Ко всему прочему в распоряжении Алика имелся балкон в комнате: распахнешь его,
и голос мамы, сидящей в гостиной, долетает до детской. У маленького шпиона была
масса возможностей осуществлять наблюдение в родной квартире, и Альбертик
изучил их досконально.
Сначала мальчик тихо хихикал, подслушивая
разговоры родителей, но постепенно начал понимать их суть. И с каждой неделей
Алику делалось все страшней.
Отец и мать довольно часто ездили в
командировки – всегда вдвоем, никогда порознь. Во время их отсутствия мальчика
пасла приходящая няня. Примерно за неделю до отъезда у отца начиналась
истерика, он орал на жену и заявлял:
– Никуда не хочу.
Антонина проводила с супругом сеанс
психотерапии, и в конце концов Матвей покорялся.

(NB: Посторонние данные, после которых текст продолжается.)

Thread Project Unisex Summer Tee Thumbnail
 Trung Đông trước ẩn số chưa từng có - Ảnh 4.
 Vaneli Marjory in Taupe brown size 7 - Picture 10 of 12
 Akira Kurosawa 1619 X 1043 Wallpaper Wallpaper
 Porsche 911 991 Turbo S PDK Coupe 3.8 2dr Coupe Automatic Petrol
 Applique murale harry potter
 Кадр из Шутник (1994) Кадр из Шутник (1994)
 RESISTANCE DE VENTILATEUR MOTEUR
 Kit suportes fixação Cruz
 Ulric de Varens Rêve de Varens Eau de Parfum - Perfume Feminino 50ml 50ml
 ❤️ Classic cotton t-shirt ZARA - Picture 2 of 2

Знаете, почему он пытался остаться дома?
Командировки профессора оформлялись как научные, чаще всего он ехал на
какой-нибудь конгресс, но на самом деле Антонина и Матвей работали убийцами,
наемными киллерами…
Альберт замолчал, потом ткнул пальцем в Жозю,
безучастно сидевшую на диване, и сурово продолжил:
– Думала, все будет шито-крыто? Ан нет! В
твоем расписании было всего лишь восемь минут в день на сына, но он в отместку
выяснил все. Хочешь, расскажу, почему отец превратился в того, кем стал, а? Он
сто раз пересказывал тебе свою историю, а ты утешала мужа. Ну? Начинать?
Жозя отвернулась к окну, чем окончательно
взбесила сына.
– Не хочешь отвечать? – процедил
Алик. – Ладно, я поговорю, а ты послушай!